That type of animosity is nothing new between the schools. The state of Connecticut, in fact, led a 2003 lawsuit over the departure of Boston College, Virginia Tech and Miami to the ACC from the Big East.

But DeFilippo has been replaced at Boston College by Brad Bates, a man Manuel says is a close and longtime friend. Both played football at Michigan and both were athletic directors in the Mid-American Conference before taking their respective jobs in the last year.
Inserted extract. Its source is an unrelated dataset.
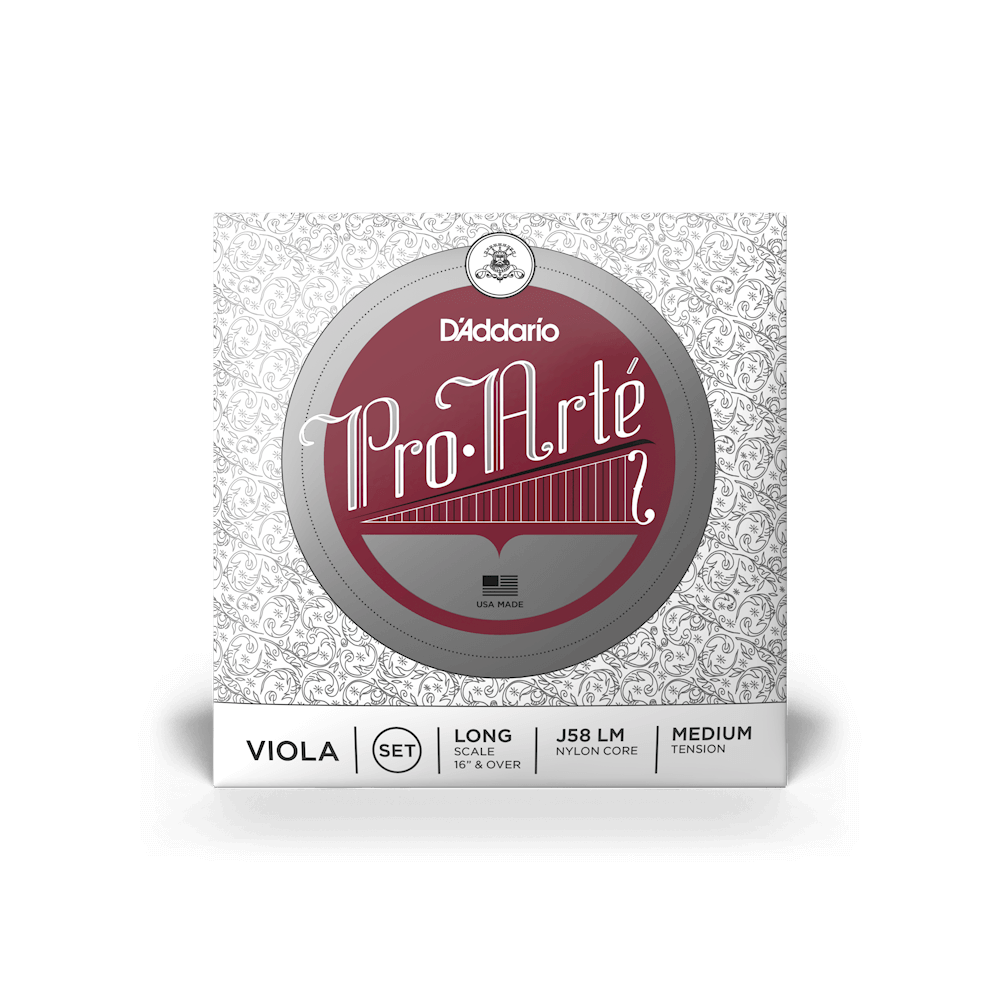D'Addario Pro-Arte Viola String Set, Long Scale, Medium Tension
Even before Bates was hired, Boston College this summer welcomed UConn as the newest member of the region’s premier hockey conference, Hockey East.

But that doesn’t mean UConn is a no-brainer to join BC in the ACC. Louisville — and to a lesser extent South Florida — also have been mentioned as potential targets for the league, and there has been no indication that the conference will act quickly to replace Maryland.
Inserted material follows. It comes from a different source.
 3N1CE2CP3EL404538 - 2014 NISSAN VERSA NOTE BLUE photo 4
UConn women’s basketball coach Geno Auriemma put it this way to reporters in Texas on Sunday, after the Huskies beat Texas A&M.
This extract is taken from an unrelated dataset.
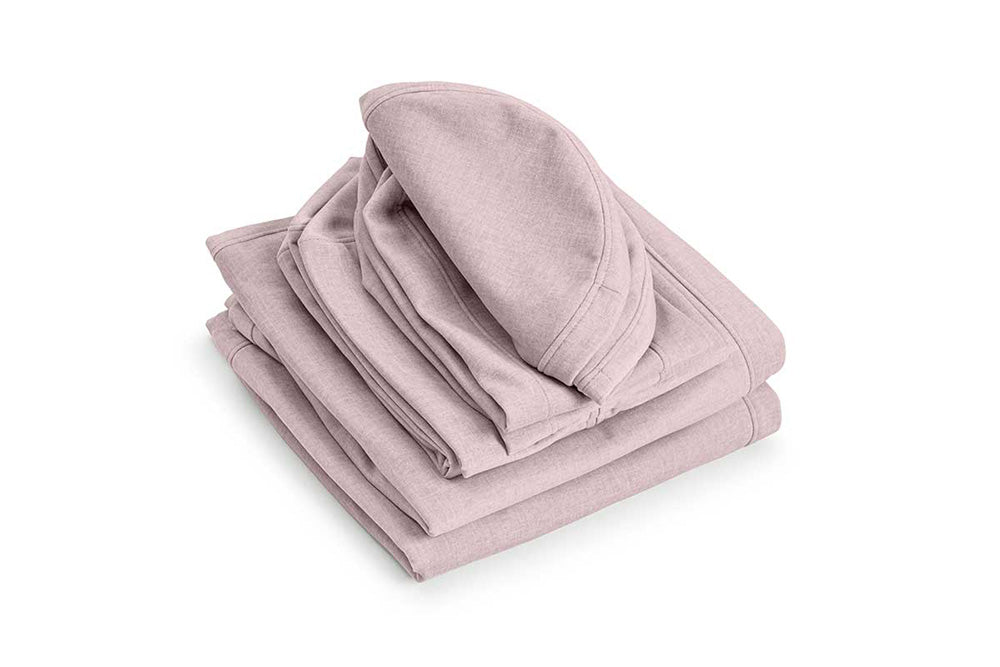 Pokrowiec Play Sofa Original w kolorze Soft Pink, złożony komplet pokrowców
“You can desire to get invited to a lot of parties in Connecticut but if you don’t get an invite, you ain’t going,” he said. “I think everybody knows right now that every school in the country, every league in the country — you go to meetings, you look each other in the eye, you tell each other the truth and you go on from there with the understanding that it could change tomorrow.”

As for the student-athletes, a lot of this won’t affect them long term. They’re going to play where they are told to play. But senior tight end Ryan Griffin is into it, regardless, and said they are watching the shuffle intently. They are concerned about the future of the program they have helped build. They don’t want to be left behind in a fading Big East.

“With all this movement, it’s kind of up in the air right now, with the conferences and stuff,” he said.